Year of Mercy: Fostering relations with people of other faiths

By Rev Walter Fogarty, Chairman of the Diocesan Interfaith Commission

As the Church prepares for the Jubilee Year of Mercy, which begins on 8 December this year, the Diocese of Parramatta has announced a newly reformed Diocesan Interfaith Commission to foster relations with peoples of other faiths.

Previously, such relations were overseen by the Commission for Ecumenism and Interfaith Dialogue.

In separating the two aspects of the previous commission, the Diocese stresses the importance of, and focus that needs to be given to, both areas in its mission within Western Sydney.

The work of the new Interfaith Commission will focus on two broad areas: developing and strengthening dialogue between the Diocese and other faiths; and promoting a greater understanding among Catholics of Church teaching on interfaith relations.

The Commission will further the formal process of interfaith relations initiated by Vatican II, leading to formation of what is now known as the Pontifical Council for Interreligious Dialogue.

Laying the foundation for the Pontifical Council’s work, its earlier manifestation, the Secretariat for Non-Christians, saw that through its efforts “the Church extends a hand to our brothers and sisters on their way to God, who is the end of every human life”.

Australia’s Cardinal Edward Cassidy was active in the Church’s interfaith dialogue, especially as a past president of the Vatican’s Commission for Religious Relations with the Jews.

Cardinal Cassidy identified the Church’s early approach as twofold: promoting within the Church the new understanding of relation with other faiths as taught by Vatican II’s declaration Nostra Aetate; and, a conscious effort to develop dialogue with the aim of building trust and overcoming barriers.

The Pontifical Council, outlining the method it adopts towards dialogue, states genuine dialogue “is a two-way communication. It implies speaking and listening, giving and receiving, for mutual growth and enrichment. It includes witness to one’s own faith as well as an openness to that of the other. It is not a betrayal of mission of the Church, nor is it a new method of conversion to Christianity.”

St John Paul II reinforced this need for open dialogue in his encyclical Redemptoris Missio (1990). Interfaith dialogue, he wrote, can aid “the world to be renewed and to journey ever closer toward the kingdom”.

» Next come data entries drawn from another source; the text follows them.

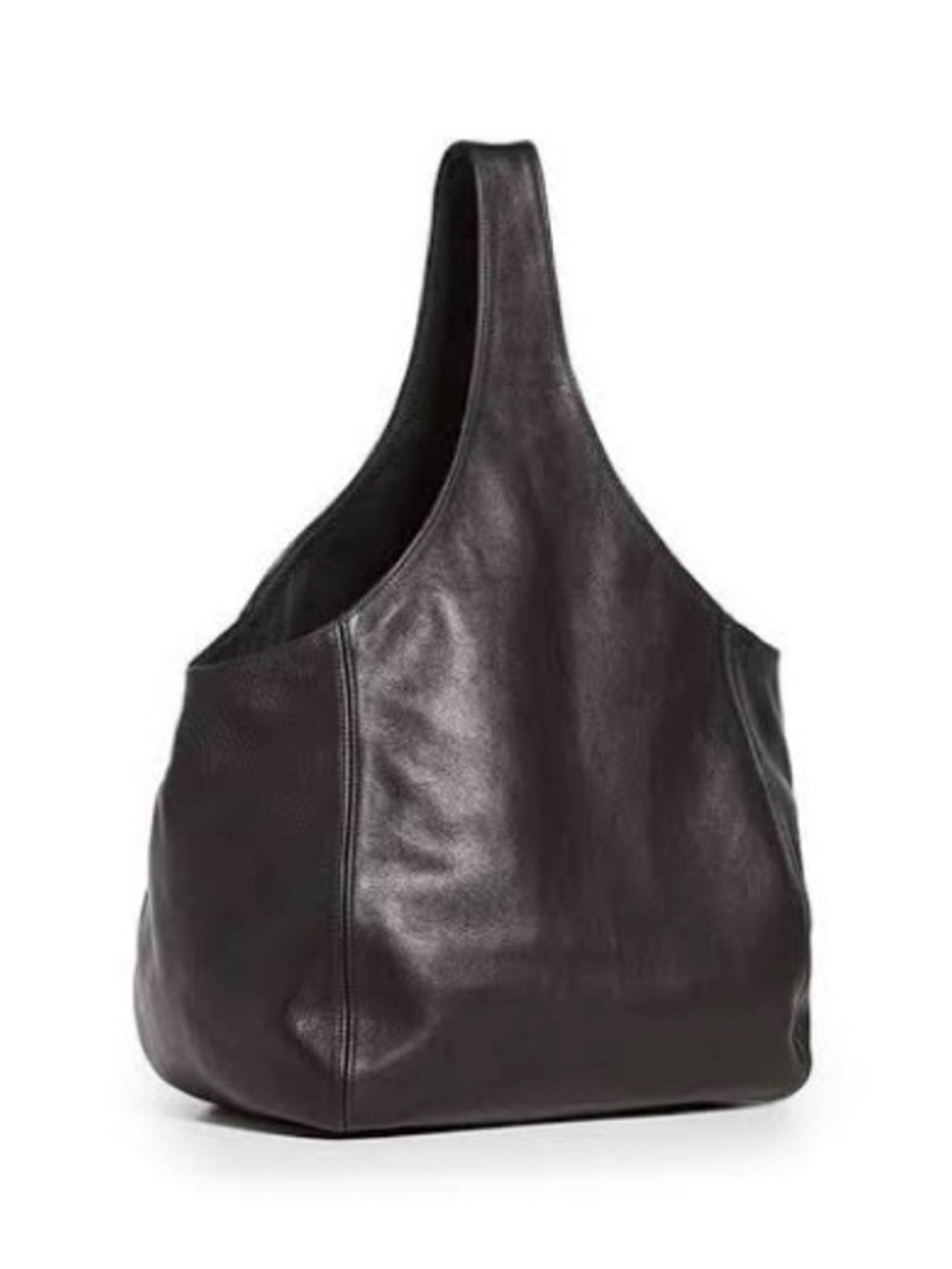 NWT Clare V. Bando in Balck - Picture 7 of 7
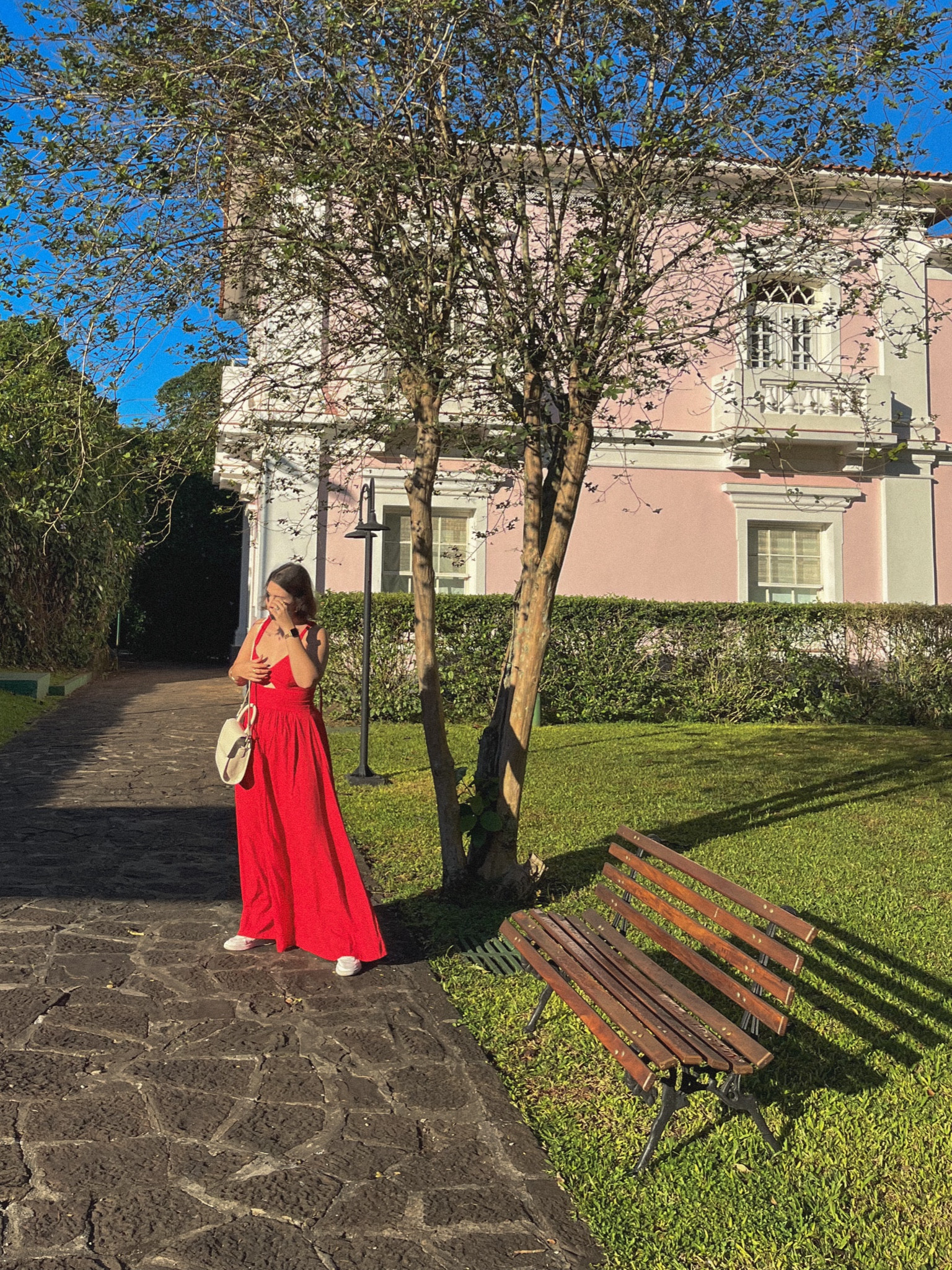 apaixonada nesse vestido! 

#LTKbrasil #LTKtravel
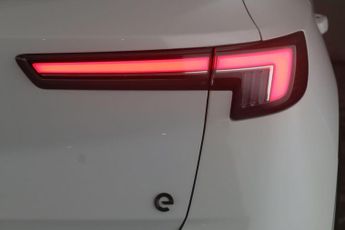 Vauxhall Mokka Electric 50kWh GS Auto 5dr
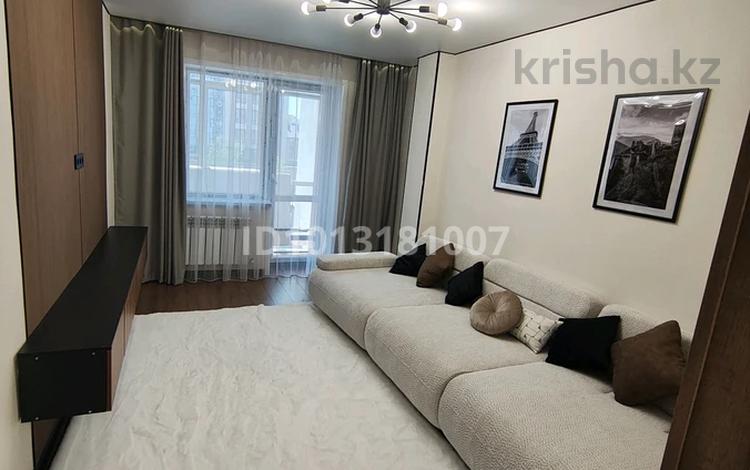 5-комнатная квартира · 125 м² · 2/9 этаж, Бухар жырау 25 — Возле Триумфальной Арки за ~ 80 млн ₸ в Астане — фото 13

“Understood as a method and means of mutual knowledge and enrichment,” St John Paul teaches, “dialogue is not in opposition to the [Church’s] mission ad gentes [to the nations] … It is demanded by deep respect for everything that has been brought about in human beings by the Spirit … Through dialogue, the Church seeks to uncover the ‘seeds of the Word,’ a ‘ray of that truth which enlightens all men’’; these are found in individuals and in the religious traditions of mankind. Dialogue is based on hope and love, and will bear fruit in the Spirit. Other religions constitute a positive challenge for the Church: they stimulate her both to discover and acknowledge the signs of Christ’s presence and of the working of the Spirit, as well as to examine more deeply her own identity and to bear witness to the fullness of Revelation which she has received for the good of all.”

Pope Francis continues this teaching in the bull proclaiming the Year of Mercy, Misericordiae Vultus, declaring, “There is an aspect of mercy that goes beyond the confines of the Church. It relates us to Judaism and Islam … I trust that this Jubilee year celebrating the mercy of God will foster an encounter with these religions and with other noble religious traditions; may it open us to even more fervent dialogue so that we might know and understand one another better; may it eliminate every form of closed-mindedness and disrespect, and drive out every form of violence and discrimination.”

The members of the Diocesan Interfaith Commission, both lay and ordained, endeavour to assist in this often overlooked and misunderstood aspect of the Church’s mission, an endeavour given greater significance in the face of growing religious intolerance in our community.